The core of OPSD is "post-hoc supervision": generate reasoning trajectories → evaluate the correctness of answers → credit assignment (identify redundancy in correct trajectories or key issues in incorrect trajectories) → train the model to optimize choices. It combines the advantages of RL (learning from its own experience) and distillation (fine-grained token supervision). In the "thinking-disabled" scenario (directly generating answers), OPSD can improve accuracy and eliminate redundant steps, showing good results.

## Unexpected Findings in Chain-of-Thought Reasoning

When OPSD is applied to "thinking-enabled" mathematical reasoning tasks, the accuracy improvement shrinks significantly or even becomes negative. Hypothetical explanation: Post-hoc supervision can effectively specify better token replacements in short reasoning, but in long chain-of-thought, it is easier to identify redundancy rather than provide better alternatives—errors in short reasoning are easy to trace back to key decisions, errors in long reasoning are hard to attribute, and correct long reasoning is already relatively optimized.
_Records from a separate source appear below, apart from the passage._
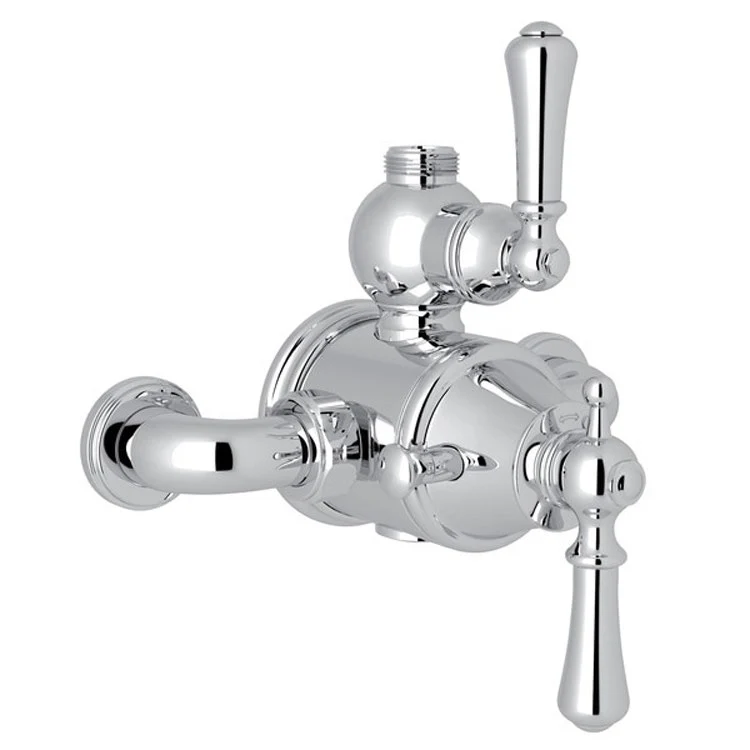Thermostatic Valve Trim Georgian Era Exposed with Volume & Temperature Control 2 Metal Lever Satin Nickel - Frankwebs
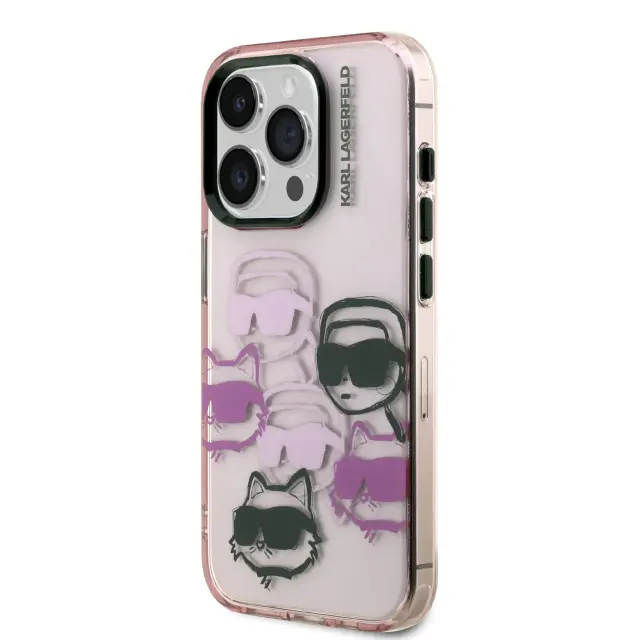 Karl Lagerfeld IML Multi K&CH Heads Case for iPhone 15 Pro Max Pink 2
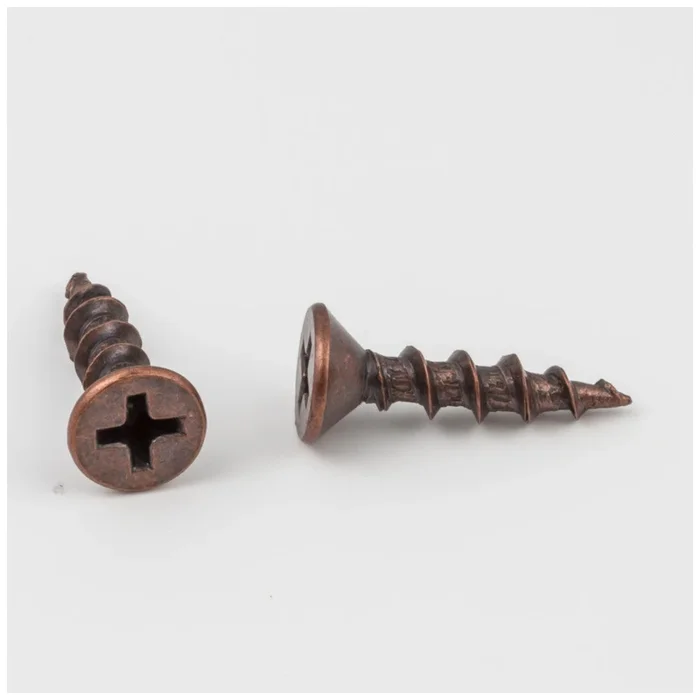 #8 x 3/4 ” Dark Antique Copper Machined Phillips Drive Coarse Thread Flat Head Screw Sold by the Box. Order 3 for a Box of 3,000 Screws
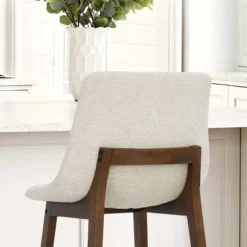 South 28" Seat Height Upholstered Bar Stool With Rubberwood Legs And Stainless Steel Foot Rest(Set Of 2) -The Pop Maison -Furniture Hotsale Shop GUEST 3b723187 3938 4826 9926 9955d3bf3d55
## Experimental Design and Result Verification

The experiment separates compression and correction effects: divide reasoning trajectories into correct and incorrect groups, and apply OPSD to each group separately. Results: The accuracy of the correct-only OPSD group remains basically unchanged, and the output is significantly shortened; the accuracy of the incorrect-only OPSD group decreases, and the output length changes little. This proves that OPSD mainly plays a compression role in CoT reasoning and cannot effectively correct incorrect trajectories.
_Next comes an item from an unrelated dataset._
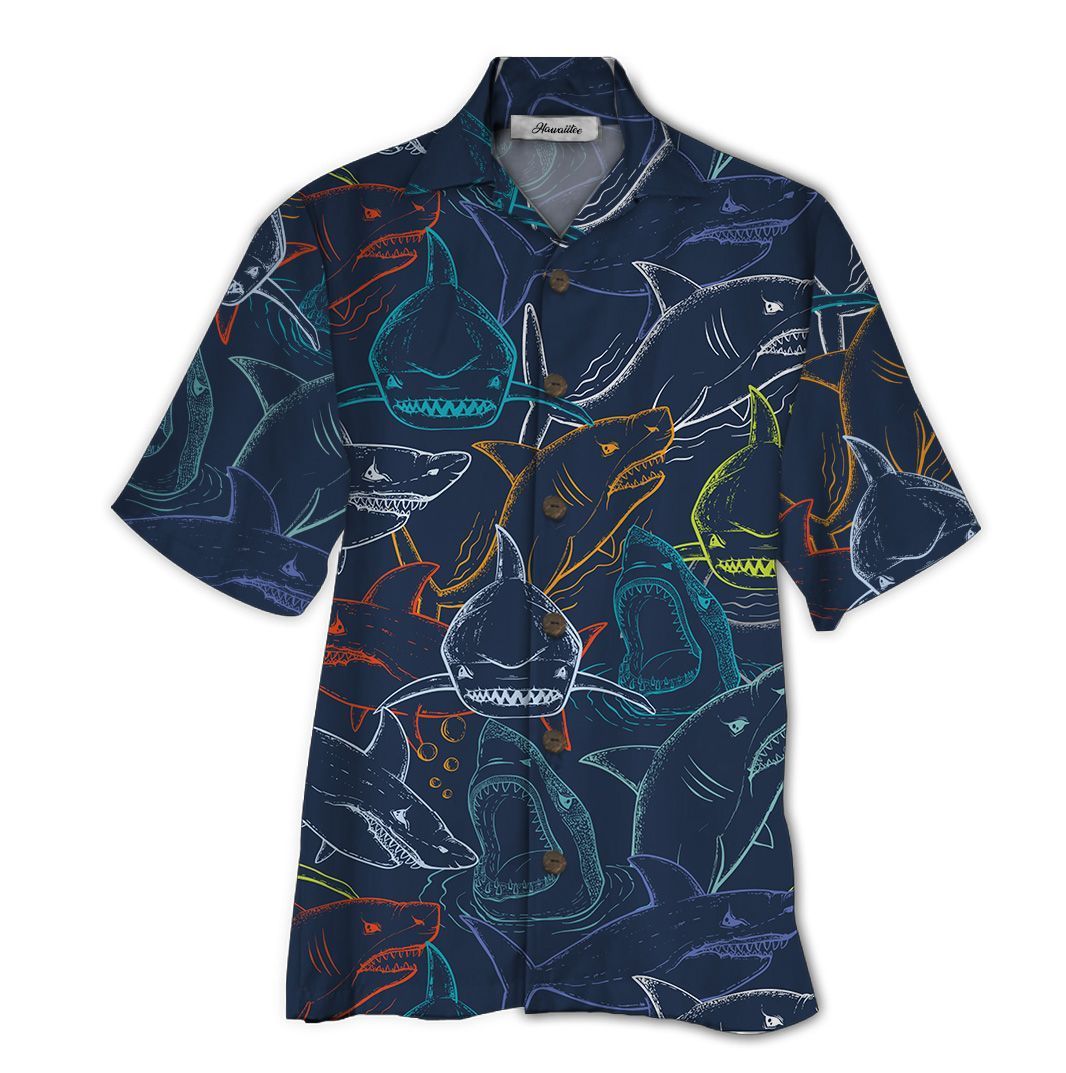 Shark Black Unique Design Unisex Hawaii Shirt For Men And Women Ha24893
## Deep Reasons Why OPSD Struggles to Correct Long Reasoning

1. Difficulty in error attribution: Errors in long chains stem from the accumulation of multiple decisions, making precise positioning difficult; 2. Limited optimization space for correct trajectories: Correct long chains have already self-corrected, leaving little room for compression; 3. Scarcity of alternative solutions: Correct alternative paths for long chains vary greatly, making token-level replacement hard to correct; 4. Compression is safer: Deleting redundancy has low risk, while correction easily introduces new errors.

## Suggestions for Revised Post-Training Process

Propose a three-stage process: 1. SFT (Supervised Fine-Tuning): Teach basic reasoning formats using high-quality data; 2. RLVR: Explore efficient strategies through verifiable rewards; 3. OPSD Compression: Apply OPSD only to correct trajectories generated by RLVR for simplification, without correcting errors (handled by RLVR). Advantages of division of labor: RLVR is responsible for exploration, OPSD for simplification, avoiding the disadvantages of OPSD in correction.
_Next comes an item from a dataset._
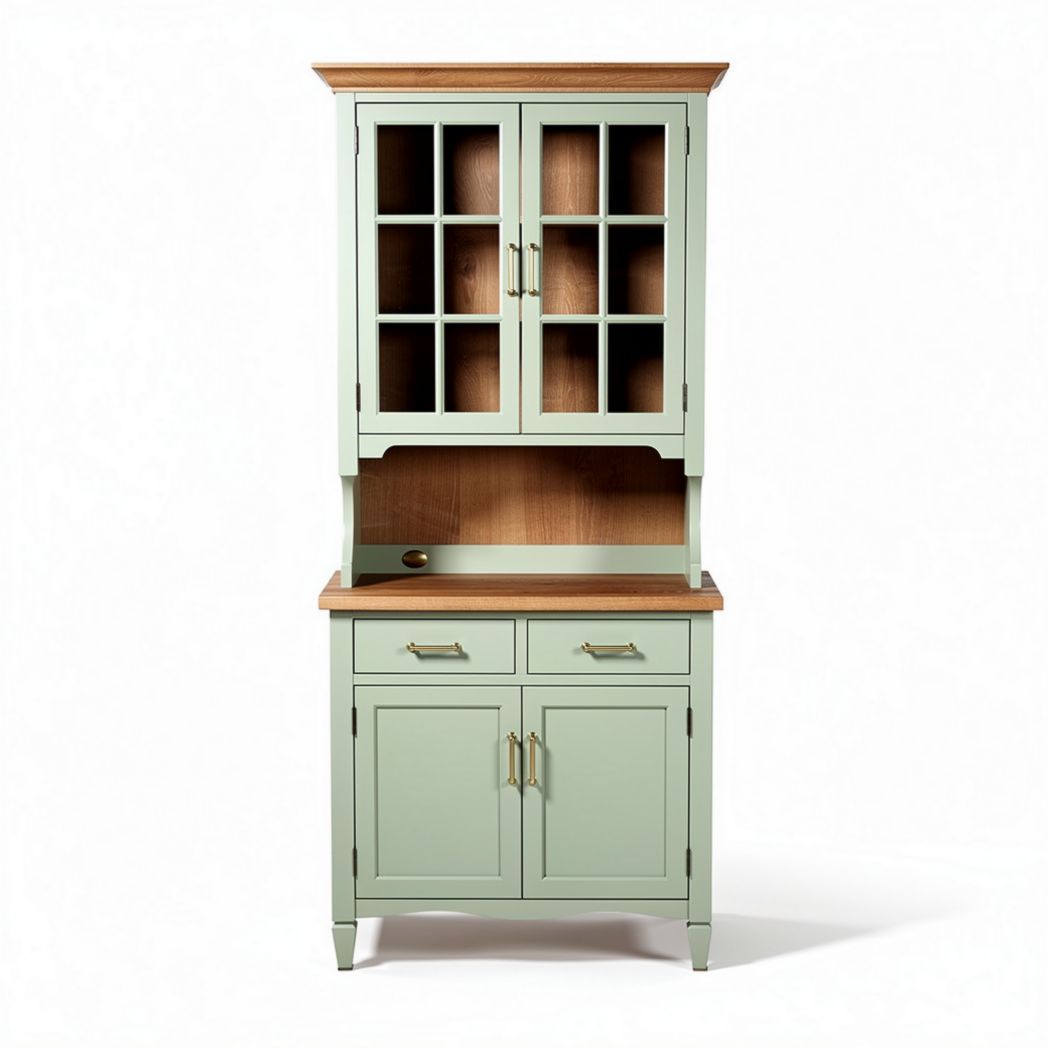 Houten kast met glazen deurtjes in groen met afmetingen 120 x 60 x 200cm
## Research Implications and Conclusions

Implications: 1. Method selection should depend on task characteristics; 2. Compression and correction should be separated; 3. Multi-stage training is better; 4. Post-hoc supervision has limitations. Conclusion: OPSD is a powerful compression tool but not a reliable correction tool. Positioning it as the compression stage after RLVR can achieve efficient reasoning. Practitioners should let OPSD focus on "shorter", leaving "better" to tools like RLVR.